Short text fragments from websites
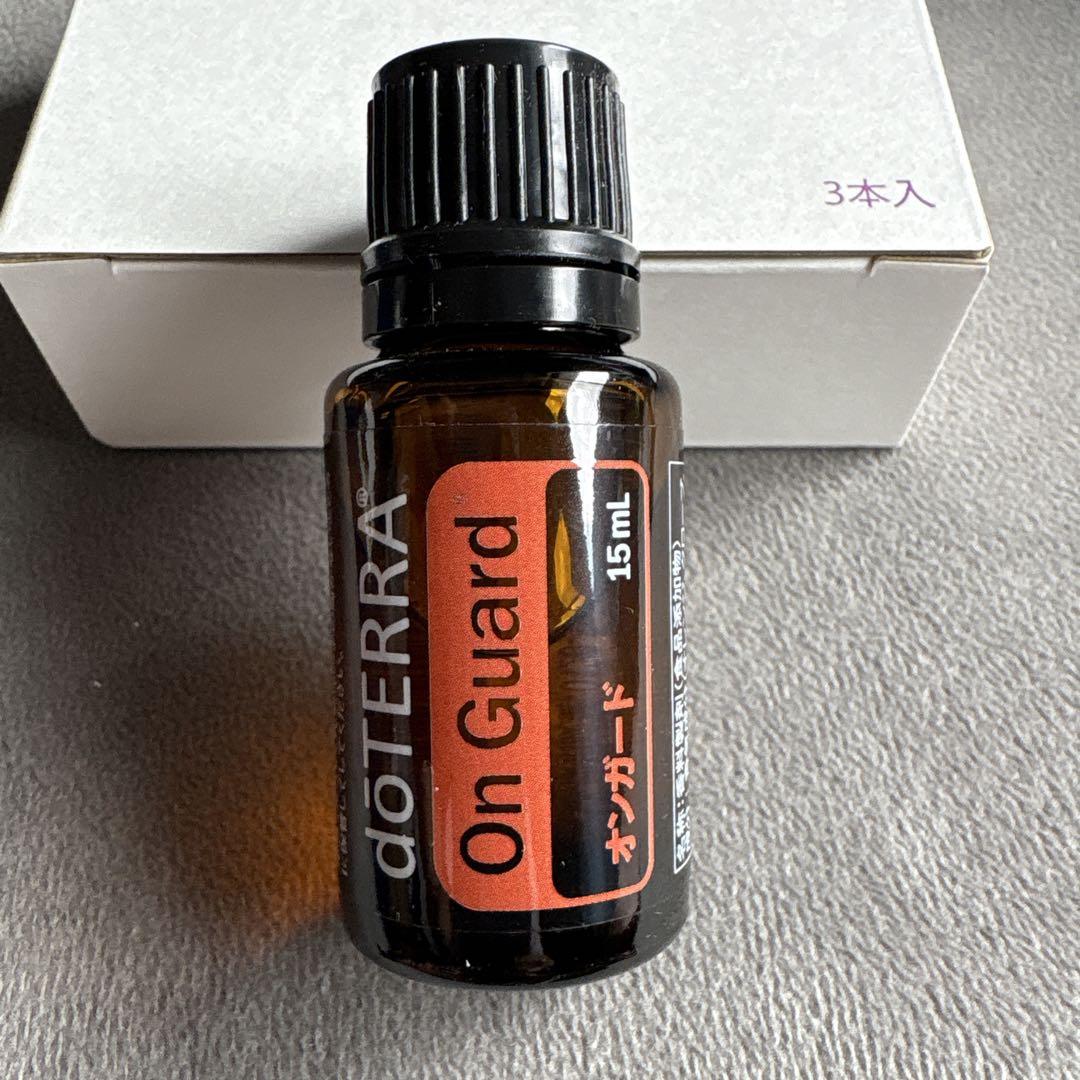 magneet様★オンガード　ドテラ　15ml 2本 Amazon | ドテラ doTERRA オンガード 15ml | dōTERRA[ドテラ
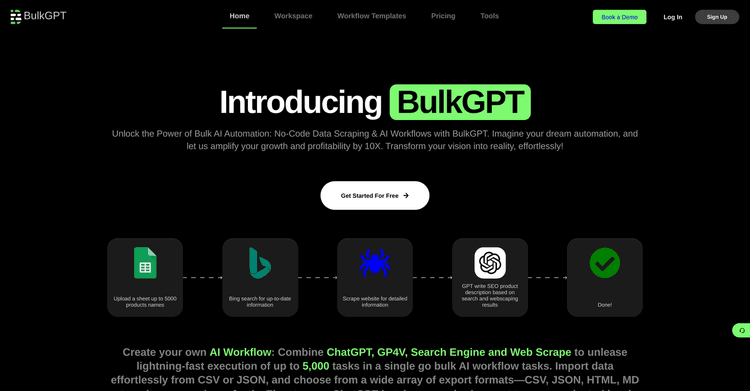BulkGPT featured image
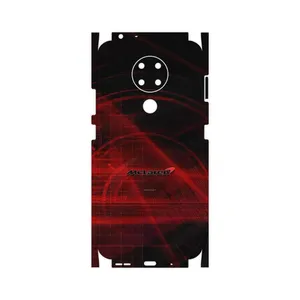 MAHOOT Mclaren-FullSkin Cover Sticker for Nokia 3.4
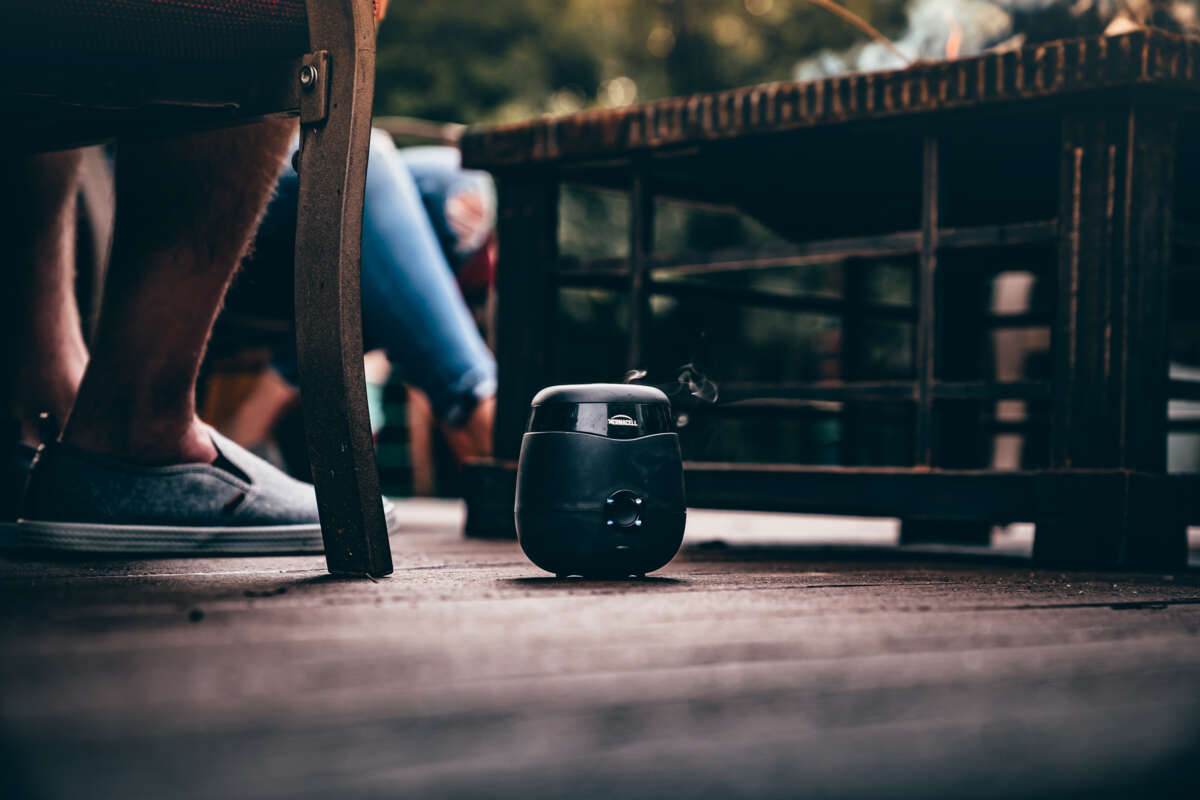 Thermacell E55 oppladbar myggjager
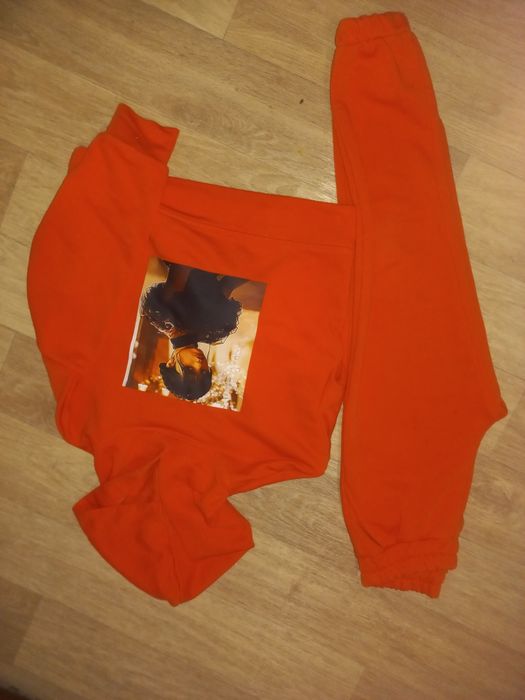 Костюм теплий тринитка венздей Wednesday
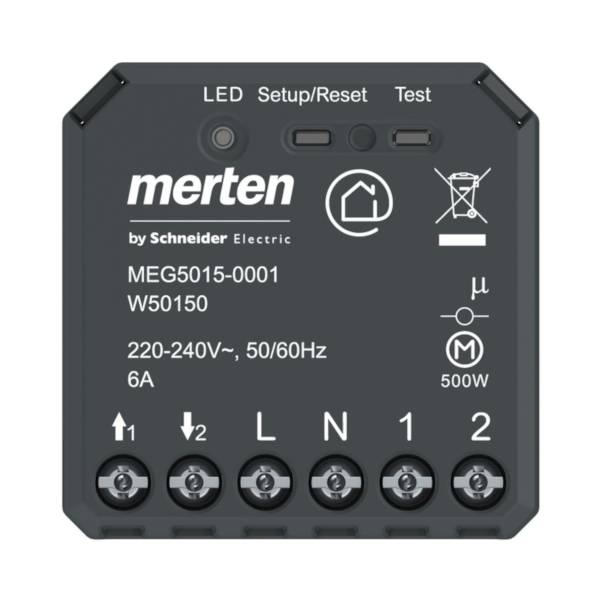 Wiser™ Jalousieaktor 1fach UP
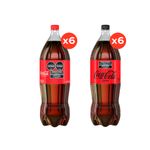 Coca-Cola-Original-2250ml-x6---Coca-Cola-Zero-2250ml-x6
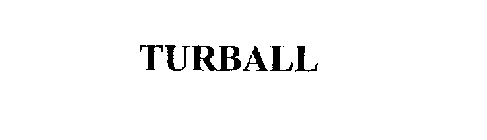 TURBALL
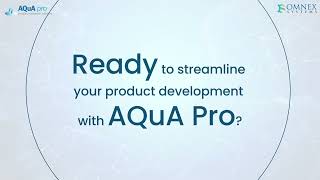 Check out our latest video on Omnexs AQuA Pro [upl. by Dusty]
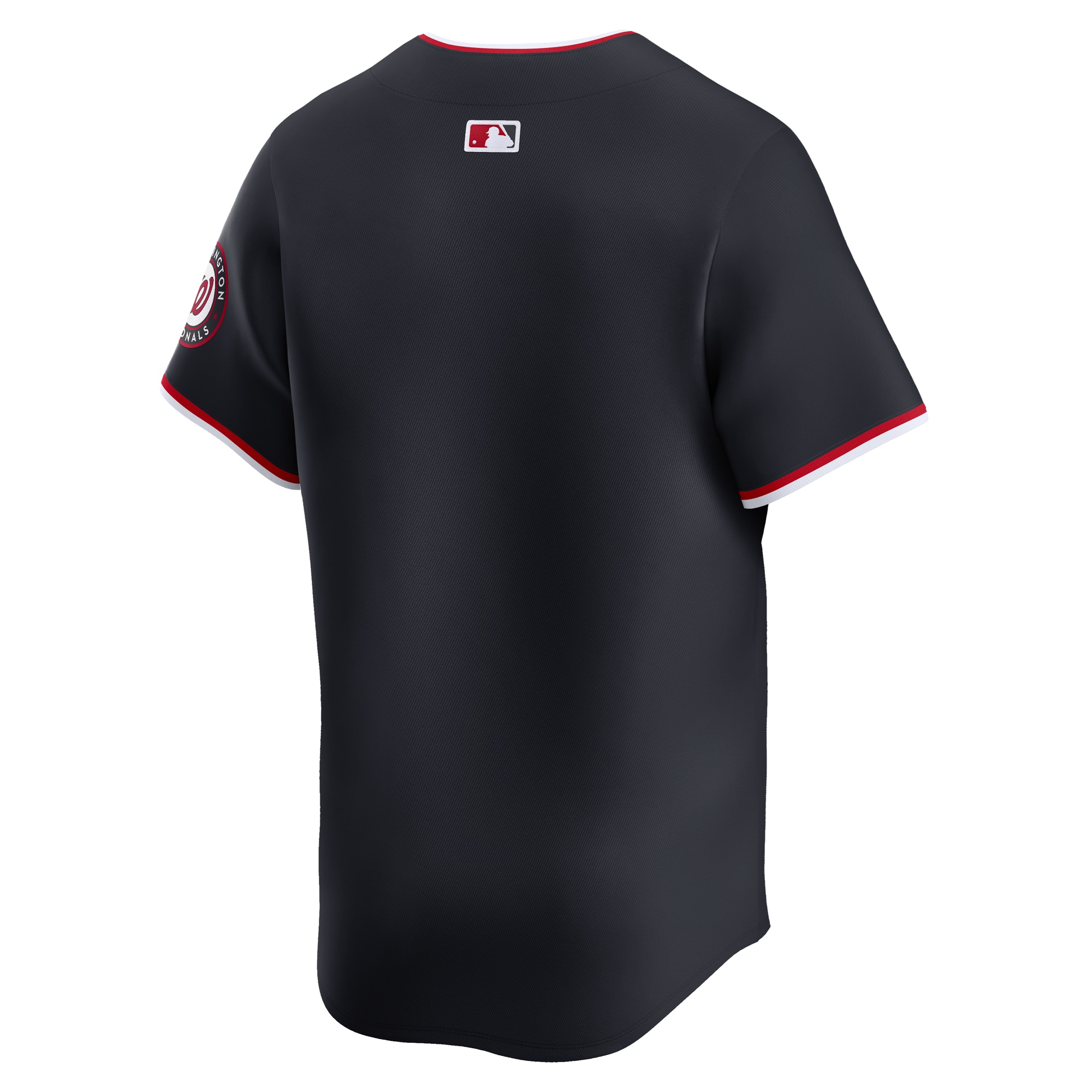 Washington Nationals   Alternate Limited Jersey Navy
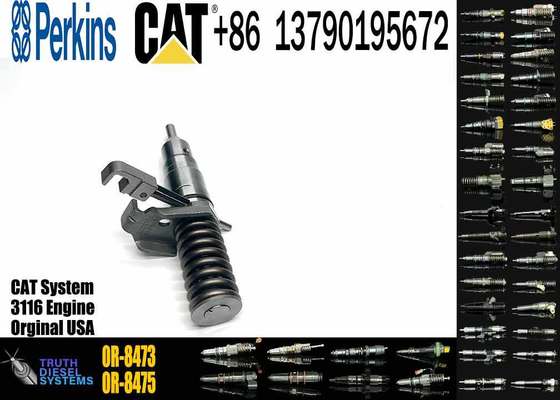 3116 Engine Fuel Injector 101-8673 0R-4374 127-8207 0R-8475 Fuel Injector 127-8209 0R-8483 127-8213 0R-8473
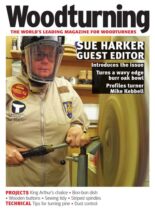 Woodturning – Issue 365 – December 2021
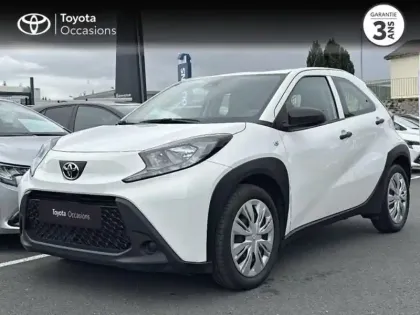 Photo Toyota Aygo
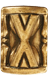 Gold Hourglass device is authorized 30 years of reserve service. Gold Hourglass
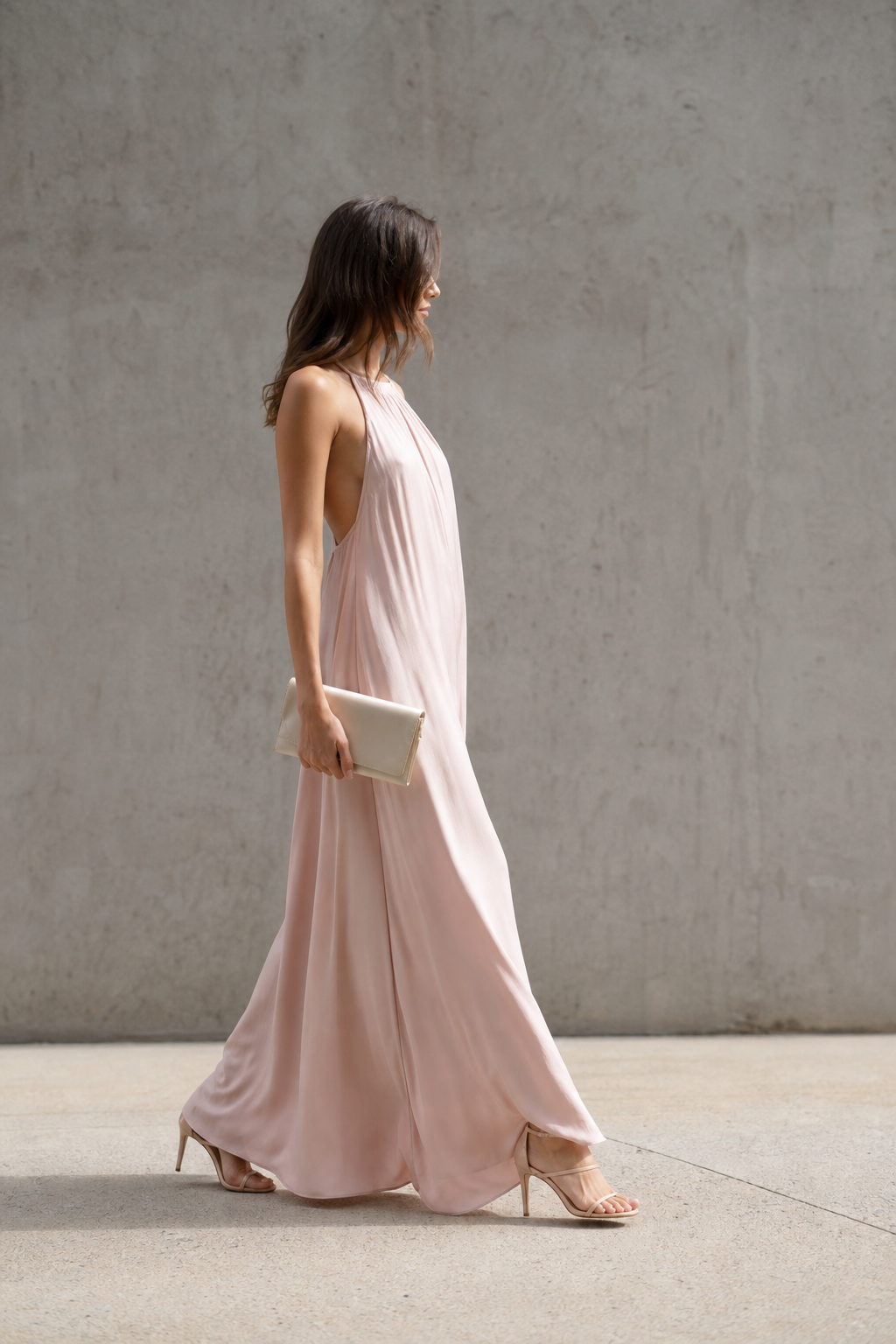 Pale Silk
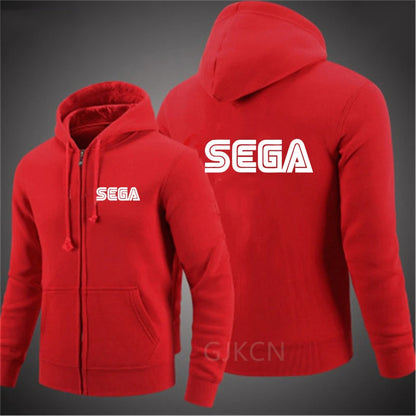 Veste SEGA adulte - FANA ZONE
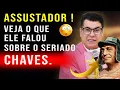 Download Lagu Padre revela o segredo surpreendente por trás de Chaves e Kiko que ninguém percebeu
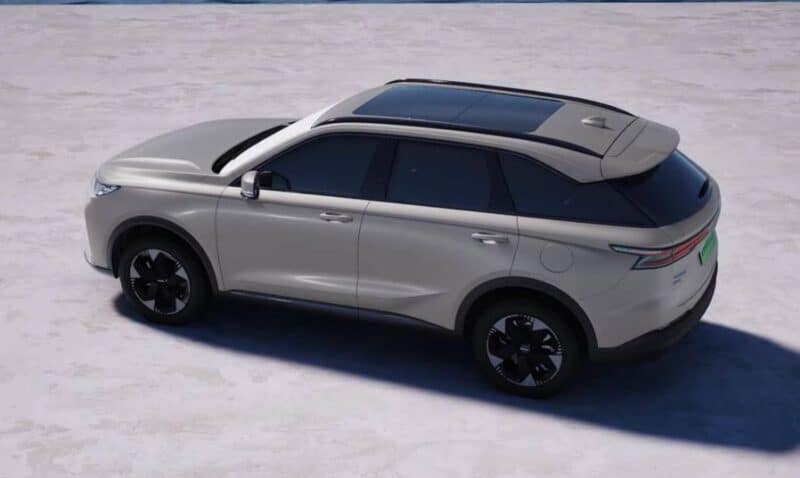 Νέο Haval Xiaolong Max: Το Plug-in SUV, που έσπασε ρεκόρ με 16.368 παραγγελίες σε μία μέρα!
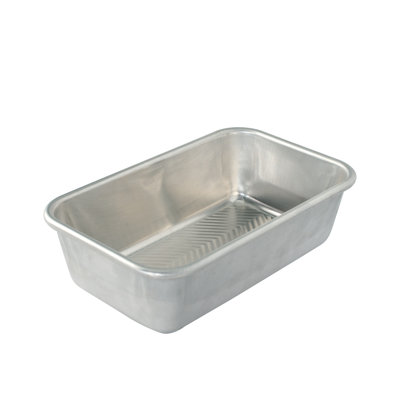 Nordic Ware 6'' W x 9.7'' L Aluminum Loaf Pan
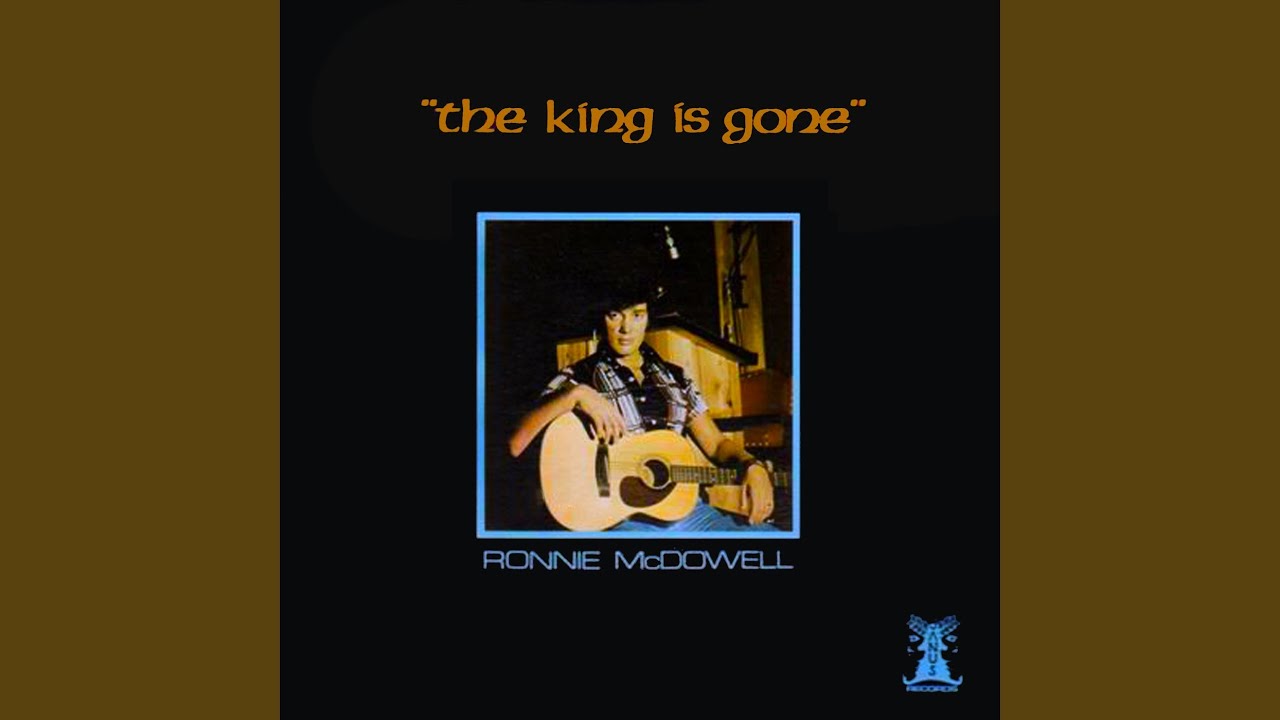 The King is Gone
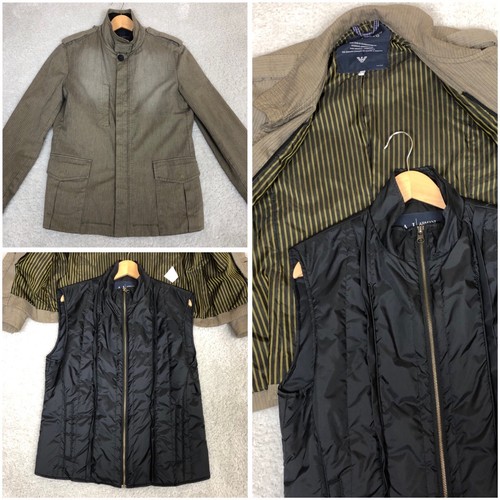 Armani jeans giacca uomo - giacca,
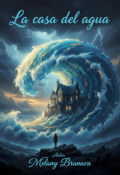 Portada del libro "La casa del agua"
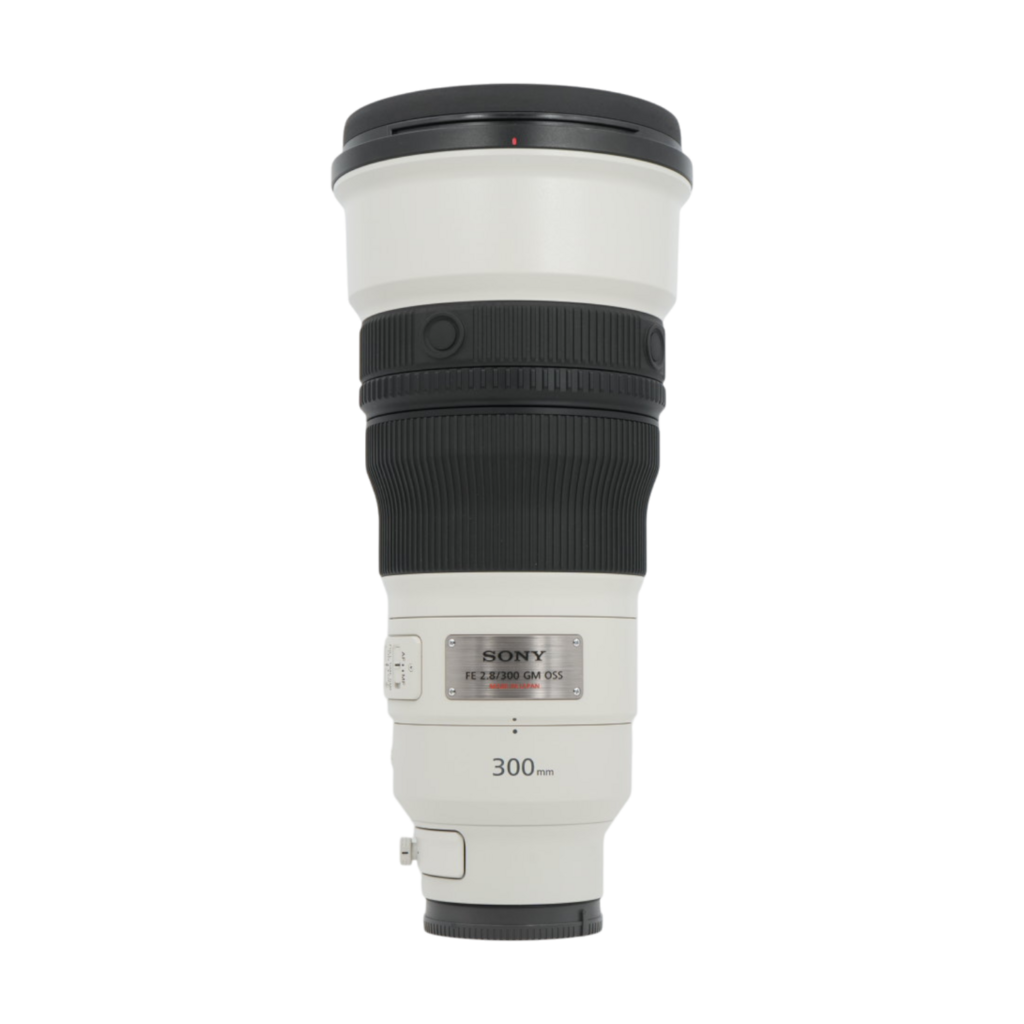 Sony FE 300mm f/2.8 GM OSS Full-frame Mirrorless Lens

Exercise –
Restate the lines above from the one containing "Photo Toyota Aygo" through the one containing "Portada del libro", inclusive, exactly and without pictures.

Reply –
 Photo Toyota Aygo
 Gold Hourglass device is authorized 30 years of reserve service. Gold Hourglass
 Pale Silk
 Veste SEGA adulte - FANA ZONE
 Download Lagu Padre revela o segredo surpreendente por trás de Chaves e Kiko que ninguém percebeu
 Νέο Haval Xiaolong Max: Το Plug-in SUV, που έσπασε ρεκόρ με 16.368 παραγγελίες σε μία μέρα!
 Nordic Ware 6'' W x 9.7'' L Aluminum Loaf Pan
 The King is Gone
 Armani jeans giacca uomo - giacca,
 Portada del libro "La casa del agua"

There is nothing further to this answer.